**SUPPLIED MATERIAL**:
+ + + + +

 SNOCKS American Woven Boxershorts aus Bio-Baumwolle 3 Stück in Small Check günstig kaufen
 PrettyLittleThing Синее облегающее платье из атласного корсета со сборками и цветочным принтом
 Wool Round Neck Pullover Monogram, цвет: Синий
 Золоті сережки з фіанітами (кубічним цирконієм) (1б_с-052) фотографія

+ + + + +

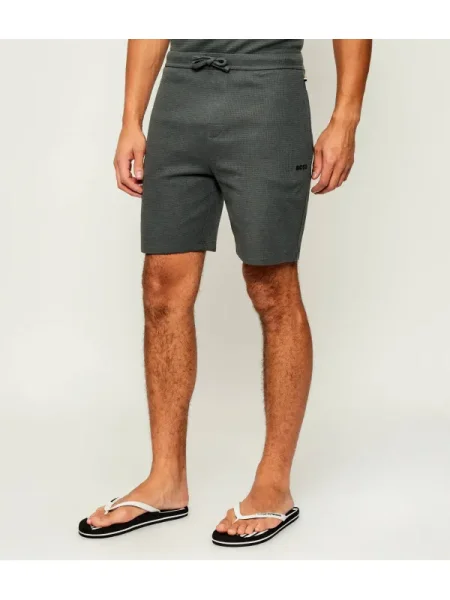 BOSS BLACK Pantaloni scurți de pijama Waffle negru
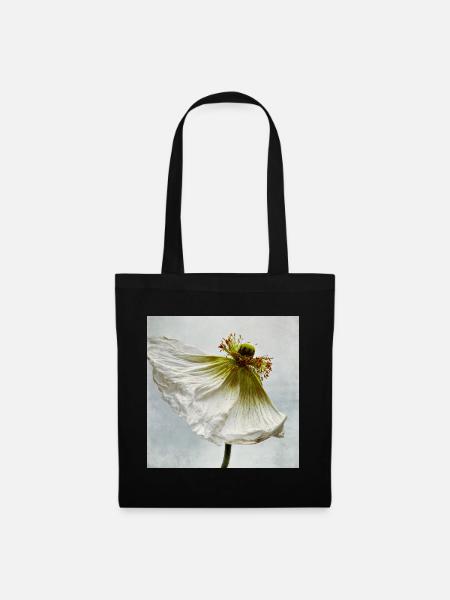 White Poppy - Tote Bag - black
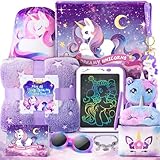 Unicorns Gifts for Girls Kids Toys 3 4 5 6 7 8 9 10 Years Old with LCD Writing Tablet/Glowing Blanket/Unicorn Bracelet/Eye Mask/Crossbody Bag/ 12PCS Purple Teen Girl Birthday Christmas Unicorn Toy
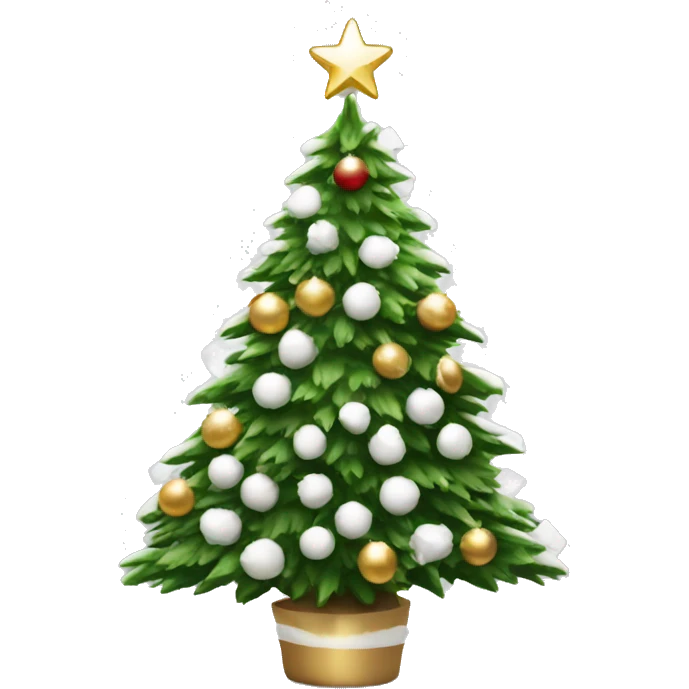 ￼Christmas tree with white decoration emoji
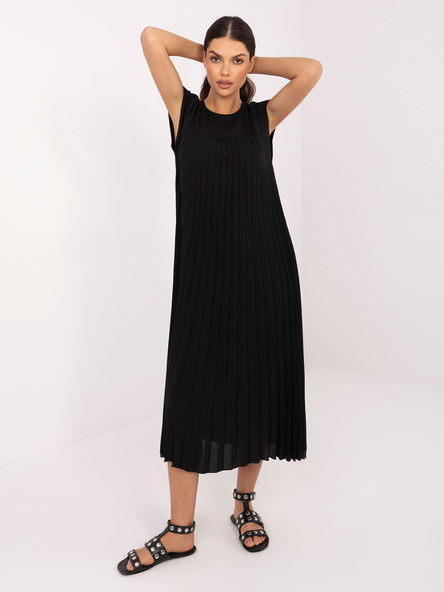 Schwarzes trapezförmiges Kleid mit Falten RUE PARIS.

+ + + + +

**AIM OF THE EXERCISE**: What you return from the records above should be exactly everything from the line with "BOSS BLACK Pantaloni" down to the line with "Schwarzes trapezförmiges Kleid", both kept, and no pictures.

**ANSWER SPACE**:
 BOSS BLACK Pantaloni scurți de pijama Waffle negru
 White Poppy - Tote Bag - black
 Unicorns Gifts for Girls Kids Toys 3 4 5 6 7 8 9 10 Years Old with LCD Writing Tablet/Glowing Blanket/Unicorn Bracelet/Eye Mask/Crossbody Bag/ 12PCS Purple Teen Girl Birthday Christmas Unicorn Toy
 Christmas tree with white decoration emoji
 Schwarzes trapezförmiges Kleid mit Falten RUE PARIS.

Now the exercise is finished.